THE INPUT —
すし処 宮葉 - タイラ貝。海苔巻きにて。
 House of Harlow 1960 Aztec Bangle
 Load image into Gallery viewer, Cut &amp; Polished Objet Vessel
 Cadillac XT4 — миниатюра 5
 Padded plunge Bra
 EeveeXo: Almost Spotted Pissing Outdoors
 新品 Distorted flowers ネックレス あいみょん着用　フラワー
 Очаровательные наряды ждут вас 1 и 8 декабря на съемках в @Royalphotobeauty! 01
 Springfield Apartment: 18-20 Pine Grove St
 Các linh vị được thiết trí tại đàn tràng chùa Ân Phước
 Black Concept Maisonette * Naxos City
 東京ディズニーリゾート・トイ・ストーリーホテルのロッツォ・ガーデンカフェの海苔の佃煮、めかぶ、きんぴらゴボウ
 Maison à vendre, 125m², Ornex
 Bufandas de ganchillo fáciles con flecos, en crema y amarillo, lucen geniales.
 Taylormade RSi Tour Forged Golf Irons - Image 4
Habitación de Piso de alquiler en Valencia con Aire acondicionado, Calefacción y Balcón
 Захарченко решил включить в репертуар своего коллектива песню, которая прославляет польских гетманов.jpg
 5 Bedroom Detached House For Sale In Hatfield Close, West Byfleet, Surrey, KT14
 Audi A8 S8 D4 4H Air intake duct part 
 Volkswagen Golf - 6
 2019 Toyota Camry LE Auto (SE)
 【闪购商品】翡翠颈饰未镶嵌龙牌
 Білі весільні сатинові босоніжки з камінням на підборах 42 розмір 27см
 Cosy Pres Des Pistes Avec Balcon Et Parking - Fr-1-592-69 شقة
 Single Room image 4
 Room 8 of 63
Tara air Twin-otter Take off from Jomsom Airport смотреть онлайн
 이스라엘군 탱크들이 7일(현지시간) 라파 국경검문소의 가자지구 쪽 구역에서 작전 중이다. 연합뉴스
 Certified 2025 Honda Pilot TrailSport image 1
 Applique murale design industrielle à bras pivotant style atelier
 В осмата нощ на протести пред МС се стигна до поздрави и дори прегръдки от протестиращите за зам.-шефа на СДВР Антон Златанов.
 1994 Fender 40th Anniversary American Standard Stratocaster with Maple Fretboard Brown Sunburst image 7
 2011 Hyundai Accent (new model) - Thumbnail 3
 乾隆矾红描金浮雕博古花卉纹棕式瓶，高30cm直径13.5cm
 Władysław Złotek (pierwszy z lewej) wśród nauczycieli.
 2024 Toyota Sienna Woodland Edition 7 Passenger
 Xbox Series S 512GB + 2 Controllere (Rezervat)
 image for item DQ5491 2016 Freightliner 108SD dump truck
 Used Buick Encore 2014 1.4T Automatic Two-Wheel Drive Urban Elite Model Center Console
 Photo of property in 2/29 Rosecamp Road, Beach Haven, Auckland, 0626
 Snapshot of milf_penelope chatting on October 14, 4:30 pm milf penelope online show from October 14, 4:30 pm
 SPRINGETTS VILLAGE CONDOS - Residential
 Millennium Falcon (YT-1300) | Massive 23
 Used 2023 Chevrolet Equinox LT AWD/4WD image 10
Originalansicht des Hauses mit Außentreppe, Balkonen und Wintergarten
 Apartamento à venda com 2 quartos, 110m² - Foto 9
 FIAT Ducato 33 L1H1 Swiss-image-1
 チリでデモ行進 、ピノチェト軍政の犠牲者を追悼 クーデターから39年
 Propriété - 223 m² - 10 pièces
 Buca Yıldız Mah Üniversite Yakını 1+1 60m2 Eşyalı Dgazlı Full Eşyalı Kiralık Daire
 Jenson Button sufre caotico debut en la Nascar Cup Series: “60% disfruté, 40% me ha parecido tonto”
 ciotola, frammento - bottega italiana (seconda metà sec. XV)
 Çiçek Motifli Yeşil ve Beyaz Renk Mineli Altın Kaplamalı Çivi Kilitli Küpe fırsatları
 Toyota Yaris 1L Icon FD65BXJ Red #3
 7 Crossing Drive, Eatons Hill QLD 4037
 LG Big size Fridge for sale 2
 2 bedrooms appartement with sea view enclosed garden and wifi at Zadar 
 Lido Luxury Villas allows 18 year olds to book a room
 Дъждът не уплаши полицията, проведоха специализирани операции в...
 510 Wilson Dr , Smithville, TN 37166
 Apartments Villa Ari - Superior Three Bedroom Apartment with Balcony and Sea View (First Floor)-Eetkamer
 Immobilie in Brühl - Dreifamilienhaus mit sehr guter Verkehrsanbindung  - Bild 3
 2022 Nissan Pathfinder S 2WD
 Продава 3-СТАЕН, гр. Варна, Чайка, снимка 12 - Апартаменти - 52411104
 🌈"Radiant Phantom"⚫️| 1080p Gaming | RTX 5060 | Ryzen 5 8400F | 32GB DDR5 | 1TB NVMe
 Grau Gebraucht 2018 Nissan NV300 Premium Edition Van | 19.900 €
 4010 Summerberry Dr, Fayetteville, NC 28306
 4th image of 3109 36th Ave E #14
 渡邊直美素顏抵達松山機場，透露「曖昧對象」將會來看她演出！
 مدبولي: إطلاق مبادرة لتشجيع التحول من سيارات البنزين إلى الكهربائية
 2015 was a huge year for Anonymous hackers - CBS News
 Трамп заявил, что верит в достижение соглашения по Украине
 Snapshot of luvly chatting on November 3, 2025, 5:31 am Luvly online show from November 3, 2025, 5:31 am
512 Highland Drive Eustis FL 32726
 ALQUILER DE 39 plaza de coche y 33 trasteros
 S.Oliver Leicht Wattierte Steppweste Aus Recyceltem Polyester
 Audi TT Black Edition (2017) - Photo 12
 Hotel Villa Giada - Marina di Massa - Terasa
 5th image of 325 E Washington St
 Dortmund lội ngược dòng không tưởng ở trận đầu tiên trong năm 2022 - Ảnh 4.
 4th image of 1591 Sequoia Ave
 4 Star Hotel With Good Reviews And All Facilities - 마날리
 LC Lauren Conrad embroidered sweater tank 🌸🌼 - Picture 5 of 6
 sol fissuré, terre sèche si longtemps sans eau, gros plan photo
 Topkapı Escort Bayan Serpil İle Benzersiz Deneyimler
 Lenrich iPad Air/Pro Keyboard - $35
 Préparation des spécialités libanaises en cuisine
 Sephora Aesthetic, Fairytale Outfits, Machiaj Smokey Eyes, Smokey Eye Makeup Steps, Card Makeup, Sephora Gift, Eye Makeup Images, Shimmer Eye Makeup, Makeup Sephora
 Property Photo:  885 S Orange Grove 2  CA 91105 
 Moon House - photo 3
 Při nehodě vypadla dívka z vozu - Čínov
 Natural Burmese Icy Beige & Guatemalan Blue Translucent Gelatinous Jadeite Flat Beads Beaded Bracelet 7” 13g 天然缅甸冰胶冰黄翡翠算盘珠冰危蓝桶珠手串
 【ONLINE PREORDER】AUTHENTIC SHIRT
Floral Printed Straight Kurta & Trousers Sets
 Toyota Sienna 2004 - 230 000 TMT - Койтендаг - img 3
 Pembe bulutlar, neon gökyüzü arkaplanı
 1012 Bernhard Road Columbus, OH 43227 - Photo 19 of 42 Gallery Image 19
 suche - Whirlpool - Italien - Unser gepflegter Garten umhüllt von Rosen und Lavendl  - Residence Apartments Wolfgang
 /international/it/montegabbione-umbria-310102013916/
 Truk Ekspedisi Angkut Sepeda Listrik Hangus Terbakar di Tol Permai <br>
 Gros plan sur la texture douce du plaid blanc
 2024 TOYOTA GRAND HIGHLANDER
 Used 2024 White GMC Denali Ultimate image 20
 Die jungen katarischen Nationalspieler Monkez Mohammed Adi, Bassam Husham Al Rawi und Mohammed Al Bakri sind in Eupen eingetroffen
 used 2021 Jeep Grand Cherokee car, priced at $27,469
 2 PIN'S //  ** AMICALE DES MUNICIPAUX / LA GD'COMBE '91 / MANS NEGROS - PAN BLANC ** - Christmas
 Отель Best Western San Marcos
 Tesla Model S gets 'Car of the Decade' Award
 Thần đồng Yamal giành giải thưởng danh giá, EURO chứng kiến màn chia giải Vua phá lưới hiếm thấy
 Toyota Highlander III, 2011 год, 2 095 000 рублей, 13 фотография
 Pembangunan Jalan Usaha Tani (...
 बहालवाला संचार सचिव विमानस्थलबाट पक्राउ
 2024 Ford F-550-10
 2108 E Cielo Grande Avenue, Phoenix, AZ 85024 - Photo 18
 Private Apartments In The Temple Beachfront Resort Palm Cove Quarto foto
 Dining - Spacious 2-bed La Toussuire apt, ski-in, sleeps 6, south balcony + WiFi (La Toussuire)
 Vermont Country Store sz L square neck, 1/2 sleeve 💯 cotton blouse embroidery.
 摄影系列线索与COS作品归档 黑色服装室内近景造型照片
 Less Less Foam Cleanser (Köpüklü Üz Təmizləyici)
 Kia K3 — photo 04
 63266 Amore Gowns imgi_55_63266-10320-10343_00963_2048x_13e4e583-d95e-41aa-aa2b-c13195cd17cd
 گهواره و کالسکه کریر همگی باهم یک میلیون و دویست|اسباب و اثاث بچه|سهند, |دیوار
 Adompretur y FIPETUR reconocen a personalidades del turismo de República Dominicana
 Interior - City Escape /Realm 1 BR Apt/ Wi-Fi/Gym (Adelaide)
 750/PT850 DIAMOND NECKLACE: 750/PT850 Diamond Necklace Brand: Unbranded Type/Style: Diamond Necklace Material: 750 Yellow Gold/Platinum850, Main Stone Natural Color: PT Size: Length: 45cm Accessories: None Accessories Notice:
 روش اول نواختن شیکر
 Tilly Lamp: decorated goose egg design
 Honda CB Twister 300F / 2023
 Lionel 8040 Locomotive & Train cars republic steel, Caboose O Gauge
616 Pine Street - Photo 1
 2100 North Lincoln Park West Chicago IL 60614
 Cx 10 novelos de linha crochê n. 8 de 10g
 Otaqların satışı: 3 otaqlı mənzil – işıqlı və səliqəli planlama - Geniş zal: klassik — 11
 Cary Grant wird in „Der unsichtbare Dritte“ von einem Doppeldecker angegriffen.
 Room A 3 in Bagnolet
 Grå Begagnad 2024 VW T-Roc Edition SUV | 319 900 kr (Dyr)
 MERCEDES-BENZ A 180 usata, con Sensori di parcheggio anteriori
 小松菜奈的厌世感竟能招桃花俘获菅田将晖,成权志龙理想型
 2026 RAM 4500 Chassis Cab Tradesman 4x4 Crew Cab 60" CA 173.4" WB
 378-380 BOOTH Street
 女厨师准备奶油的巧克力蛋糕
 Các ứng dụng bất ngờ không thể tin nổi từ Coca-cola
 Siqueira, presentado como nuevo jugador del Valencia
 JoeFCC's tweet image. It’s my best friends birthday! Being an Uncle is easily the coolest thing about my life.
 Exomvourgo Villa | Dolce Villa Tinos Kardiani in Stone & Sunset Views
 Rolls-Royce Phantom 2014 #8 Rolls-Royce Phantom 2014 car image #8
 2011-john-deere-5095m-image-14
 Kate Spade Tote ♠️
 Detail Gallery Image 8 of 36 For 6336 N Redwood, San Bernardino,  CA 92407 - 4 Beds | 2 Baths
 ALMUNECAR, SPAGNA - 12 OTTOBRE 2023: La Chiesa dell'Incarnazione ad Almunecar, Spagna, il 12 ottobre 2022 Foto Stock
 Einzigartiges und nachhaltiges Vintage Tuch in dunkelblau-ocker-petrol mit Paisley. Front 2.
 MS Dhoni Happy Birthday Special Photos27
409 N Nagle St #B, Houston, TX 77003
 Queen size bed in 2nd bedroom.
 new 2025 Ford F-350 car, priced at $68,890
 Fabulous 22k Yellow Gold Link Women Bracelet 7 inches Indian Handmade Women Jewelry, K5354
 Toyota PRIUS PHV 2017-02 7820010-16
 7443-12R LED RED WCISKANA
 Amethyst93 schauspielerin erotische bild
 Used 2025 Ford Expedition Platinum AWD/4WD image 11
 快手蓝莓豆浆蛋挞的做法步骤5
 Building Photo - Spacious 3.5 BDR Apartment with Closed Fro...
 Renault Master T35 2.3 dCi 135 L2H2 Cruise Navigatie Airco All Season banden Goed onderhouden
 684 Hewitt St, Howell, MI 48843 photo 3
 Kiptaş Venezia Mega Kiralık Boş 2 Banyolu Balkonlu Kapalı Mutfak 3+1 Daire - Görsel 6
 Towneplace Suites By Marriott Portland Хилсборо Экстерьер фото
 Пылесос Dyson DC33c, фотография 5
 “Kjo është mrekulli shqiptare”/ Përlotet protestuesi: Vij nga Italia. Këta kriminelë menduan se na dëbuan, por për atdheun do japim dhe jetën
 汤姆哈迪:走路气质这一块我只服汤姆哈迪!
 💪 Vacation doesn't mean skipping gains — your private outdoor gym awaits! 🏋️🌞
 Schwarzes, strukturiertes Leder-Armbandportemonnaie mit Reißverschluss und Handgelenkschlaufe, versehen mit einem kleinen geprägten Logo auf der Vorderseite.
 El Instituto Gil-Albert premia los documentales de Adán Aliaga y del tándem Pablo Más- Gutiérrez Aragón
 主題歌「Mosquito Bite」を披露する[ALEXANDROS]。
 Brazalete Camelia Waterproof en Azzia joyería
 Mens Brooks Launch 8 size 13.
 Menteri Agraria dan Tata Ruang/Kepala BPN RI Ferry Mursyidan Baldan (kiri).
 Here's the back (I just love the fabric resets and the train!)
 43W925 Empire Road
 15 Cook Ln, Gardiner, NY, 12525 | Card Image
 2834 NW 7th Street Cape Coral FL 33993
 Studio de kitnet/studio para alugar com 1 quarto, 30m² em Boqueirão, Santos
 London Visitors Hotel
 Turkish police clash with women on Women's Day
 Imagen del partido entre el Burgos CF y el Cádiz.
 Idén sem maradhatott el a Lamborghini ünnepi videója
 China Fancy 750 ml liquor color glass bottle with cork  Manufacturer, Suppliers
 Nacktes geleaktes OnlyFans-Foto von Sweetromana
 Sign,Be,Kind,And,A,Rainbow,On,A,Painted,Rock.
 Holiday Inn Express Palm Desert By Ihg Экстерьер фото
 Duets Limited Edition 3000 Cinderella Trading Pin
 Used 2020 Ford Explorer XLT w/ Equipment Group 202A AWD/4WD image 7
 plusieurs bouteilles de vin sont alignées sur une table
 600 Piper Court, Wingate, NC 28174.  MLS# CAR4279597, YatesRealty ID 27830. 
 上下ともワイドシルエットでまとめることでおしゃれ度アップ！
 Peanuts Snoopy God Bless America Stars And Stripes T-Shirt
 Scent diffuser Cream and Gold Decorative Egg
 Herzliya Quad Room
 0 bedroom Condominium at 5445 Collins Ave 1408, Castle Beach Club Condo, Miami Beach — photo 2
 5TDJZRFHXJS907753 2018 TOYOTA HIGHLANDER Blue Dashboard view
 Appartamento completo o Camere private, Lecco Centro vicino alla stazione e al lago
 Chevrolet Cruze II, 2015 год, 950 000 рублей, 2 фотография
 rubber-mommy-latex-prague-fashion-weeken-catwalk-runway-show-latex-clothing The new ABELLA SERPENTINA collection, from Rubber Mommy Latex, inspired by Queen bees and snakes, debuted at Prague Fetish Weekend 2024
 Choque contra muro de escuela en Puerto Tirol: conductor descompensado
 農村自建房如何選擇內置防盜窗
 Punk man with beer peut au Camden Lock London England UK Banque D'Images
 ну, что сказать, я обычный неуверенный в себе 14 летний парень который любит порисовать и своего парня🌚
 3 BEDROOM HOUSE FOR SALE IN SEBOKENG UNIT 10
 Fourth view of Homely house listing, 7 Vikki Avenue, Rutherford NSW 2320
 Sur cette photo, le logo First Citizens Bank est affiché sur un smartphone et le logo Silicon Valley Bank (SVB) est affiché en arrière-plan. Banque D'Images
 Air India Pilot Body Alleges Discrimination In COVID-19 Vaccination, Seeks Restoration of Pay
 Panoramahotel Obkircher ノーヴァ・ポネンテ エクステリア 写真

EXERCISE BRIEF — Lines from the top of the data above through the line containing "Habitación de Piso" must be repeated exactly. All other lines stay out.

EXERCISE SOLUTION —
すし処 宮葉 - タイラ貝。海苔巻きにて。
 House of Harlow 1960 Aztec Bangle
 Load image into Gallery viewer, Cut &amp; Polished Objet Vessel
 Cadillac XT4 — миниатюра 5
 Padded plunge Bra
 EeveeXo: Almost Spotted Pissing Outdoors
 新品 Distorted flowers ネックレス あいみょん着用　フラワー
 Очаровательные наряды ждут вас 1 и 8 декабря на съемках в @Royalphotobeauty! 01
 Springfield Apartment: 18-20 Pine Grove St
 Các linh vị được thiết trí tại đàn tràng chùa Ân Phước
 Black Concept Maisonette * Naxos City
 東京ディズニーリゾート・トイ・ストーリーホテルのロッツォ・ガーデンカフェの海苔の佃煮、めかぶ、きんぴらゴボウ
 Maison à vendre, 125m², Ornex
 Bufandas de ganchillo fáciles con flecos, en crema y amarillo, lucen geniales.
 Taylormade RSi Tour Forged Golf Irons - Image 4
Habitación de Piso de alquiler en Valencia con Aire acondicionado, Calefacción y Balcón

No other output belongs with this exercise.